His diplomatic career began in 1984 when Conservative Prime Minister Brian Mulroney appointed him Canada's UN ambassador, a post he held until 1988. He went on to work on the 1993 Graça Machel study on children in armed conflict, serve as Deputy Executive Director of UNICEF from 1995 to 1999, and was appointed by the Organisation of African Unity in 1997 to investigate the Rwandan genocide, producing the report "Rwanda: The Preventable Genocide" in June 2000.
The work that defined his final decades came in 2001, when UN Secretary-General Kofi Annan named him the inaugural Special Envoy for HIV/AIDS in Africa. Lewis held the post until 2006, making repeated visits to Malawi, Zambia, and Lesotho. He later described the shock of what he encountered: "I had a sense that things were bad in Africa, but I did not at the time have a sense of the carnage on the ground, and particularly amongst women." That urgency led him to found the Stephen Lewis Foundation in 2003 with daughter Ilana Landsberg-Lewis. The foundation eventually raised $10 million annually, and its Grandmothers to Grandmothers Campaign, launched after a Toronto gathering of 300 Canadian and African grandmothers in August 2006, had raised $40 million by 2021.
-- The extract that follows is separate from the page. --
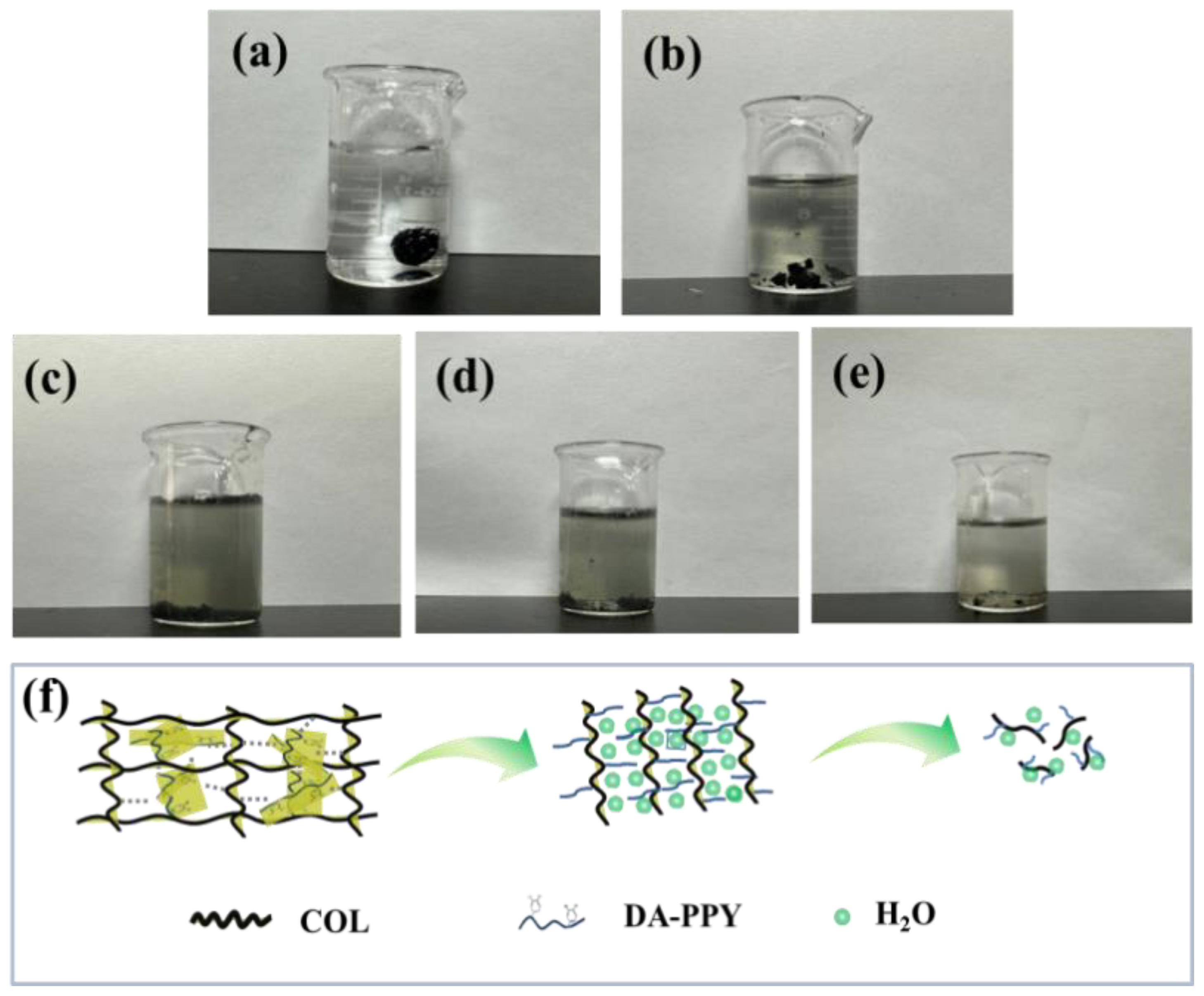 Molecules 29 05728 g005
His honors included Companion of the Order of Canada, Maclean's Canadian of the Year in 2003, the Pearson Peace Medal in 2004, and a place on Time magazine's 100 Most Influential People in the World in 2005. He published Race Against Time that year, drawn from his CBC Massey Lectures.
Prime Minister Mark Carney called Lewis "a pillar of compassionate leadership in Canadian democracy and a renowned global champion for human rights and multilateralism." Alberta NDP Leader Naheed Nenshi said it was "no exaggeration to say that his work as the United Nations' Special Envoy for HIV/AIDS saved millions of lives." Environmentalist David Suzuki, who held Lewis's hand in his final days, told CBC: "To me, he was my great hero." South African health activist Mark Heywood wrote that Lewis's AIDS advocacy was "game-changing and without doubt helped save millions of lives."
Lewis is survived by his wife of more than 60 years, journalist and author Michele Landsberg; son Avi Lewis; and daughters Ilana Landsberg-Lewis and Jenny Lewis, a casting director.